Unfortunately we have lost a little data from 1 shared hosting account as a direct result of this outage. Basically what happened as you can see from this thread is that as a direct result of the sudden power outage one server failed and after the file system check many thousands of files were missing and corrupt. We only had a weekly backup for this account (daily backup was corrupt) which has been fully restored for the client concerned and their site is as it was 6 days ago.

This should serve as a reminder that although we take backups our terms of service state we never guarantee backups. Clients should keep local backups as well to serve as the ultimate disaster recovery tool. Please ask us if you need help in generating backups we can show you how easy it is in Cpanel.

==============================================

30 May 9.52pm

Just a brief update.

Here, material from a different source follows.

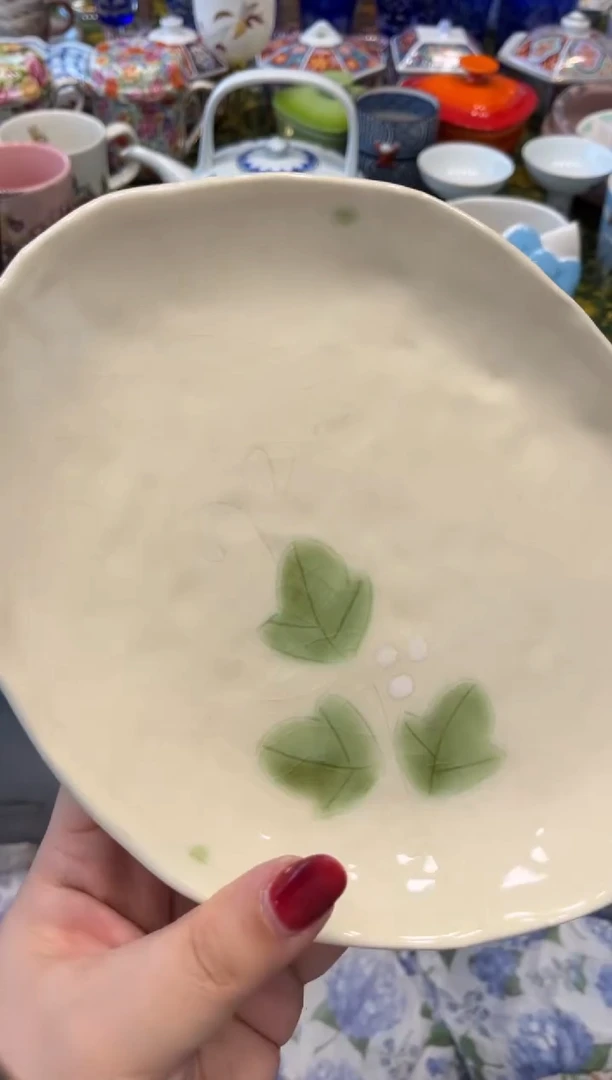 瓷片日**·8378默认微瑕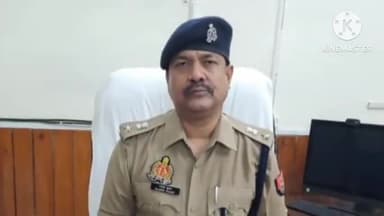 मैनपुरी: नगर निकाय चुनाव में पुलिस द्वारा पोलिंग बूथ की चेकिंग और सुरक्षा व्यवस्था को लेकर ASP राजेश कुमार ने दी जानकारी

We now only have 2 clients still directly affected by these issues and we are working with them now to get a resolution. 100% of the data for the other 6 clients have been recovered after this unfortunate issue.

With regards to the outage you may want to read this article for more information: http://www.theregister.co.uk/2012/05/30/pulsant_power_outage/

==============================================

30 May 5.28pm

Unfortunately we still have 8 queued tickets for account issues on the server that needed to be restored. Many of these are complex issues with corrupt and missing data which was a direct cause of the server failure after the power outage. We are sorry if you are one of these 8 people and we want to assure you we are working at each ticket diligently in the order in which they were received in order to ensure a full restoration of services.

==============================================

30 May 2.40pm

We are working through tickets as we get them. Apologies for the extended delay today in response times. The backup server we need to help some 3 clients is at 60% on a file system check so it may be another while unfortunately. As soon as it comes back we can have service restored for the few remaining clients with corrupt databases/files.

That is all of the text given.